Recall, however, what happened in the industrialised countries where just about everywhere land was cleared of forest for agriculture. Less than 3% of Western Europe still has natural forest, down from over 80% before agriculture. In the US where there are large tracts of inaccessible land unsuitable for agriculture where forests are still intact, some 40% of the forests in southern and northern states were cut down during the 1800’s.

Agriculture in these places was hugely successful. Crops were grown and sold each and every year that created wealth and with it innovation, industry and more wealth. Then that wealth created finance that generated even more wealth with lifestyles to match.

So with REDD+ actually we are asking that for modest payments spread out over a few decades and spurning the opportunities of the repeat revenue from agriculture, owners of tropical forests will forego the route to opportunity and wealth that, so far, is the only one we know works.

I wonder how many of us who already live in affluence would take that deal?

Not many is my guess. And yet conservative management of tropical forest remains is a critically important task. It is just that we must find an alternative development pathway to mobile phones, plasma TVs, education and health care that is both equitable and reliable.

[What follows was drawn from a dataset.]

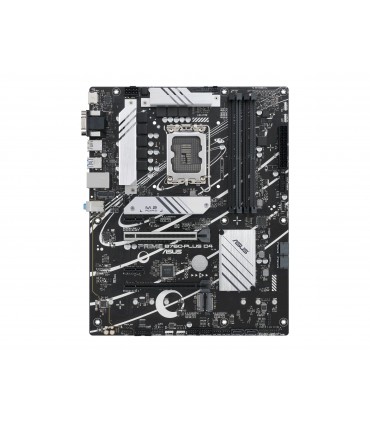 Asus PRIME B760-PLUS D4 Processor family Intel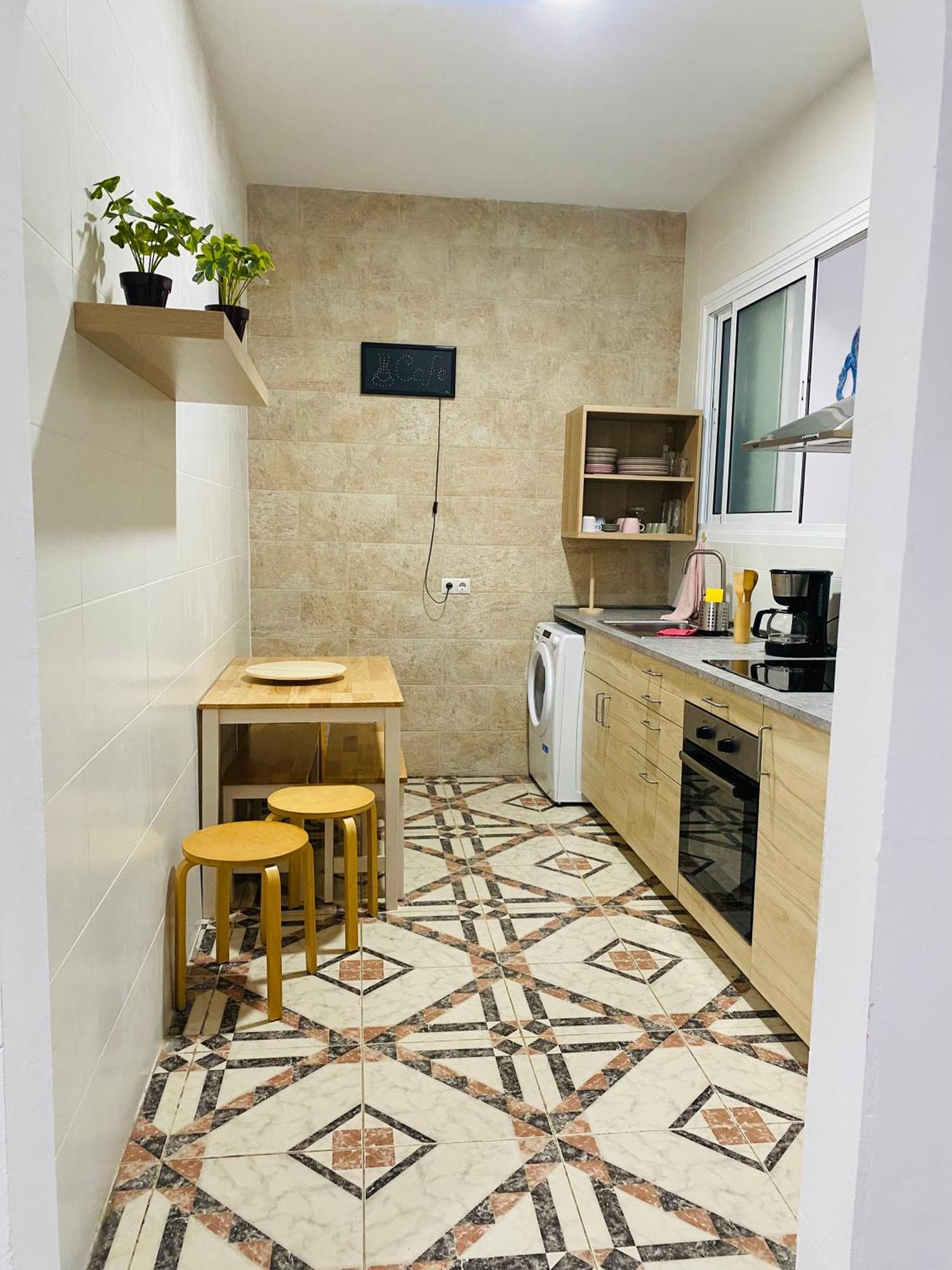 Isor Triana Apartment ลาสปัลมาส เด กรานคานาเรีย ภายนอก รูปภาพ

At some point we must understand that we cannot be so numerous and still try to solve problems on the cheap.

Stranded assets

My analogue television is a stranded asset. It has perfect picture and sound, plus it has worked this way for years without a flicker. Only now there is no signal for it because we have moved into the digital age.

I could complain. My investment in that analogue TV still had time to run – I expected to get entertainment returns from reruns of the Simpsons for years to come.

Instead I was forced to purchase another asset, either a set-top box to convert the signal or a new digital TV. I chose the second option in plasma. By doing so I wrote off any returns from my stranded asset and made another investment.

And the world did not end.

In fact I did what the economists, politicians and business owners want; I made another purchase.

It would be interesting to see what would happen to the performance of super funds that have invested in fossil fuel power plants if those assets were also stranded. No doubt returns would take a hit, but again, I doubt that the world would end.

We are always told that superfunds, the investment vehicles that take a proportion of our before tax income that in Australia is a compulsory 9% of salary paid by all employers on behalf of their staff, are risk adverse investors. Surely then, they should have balanced portfolios.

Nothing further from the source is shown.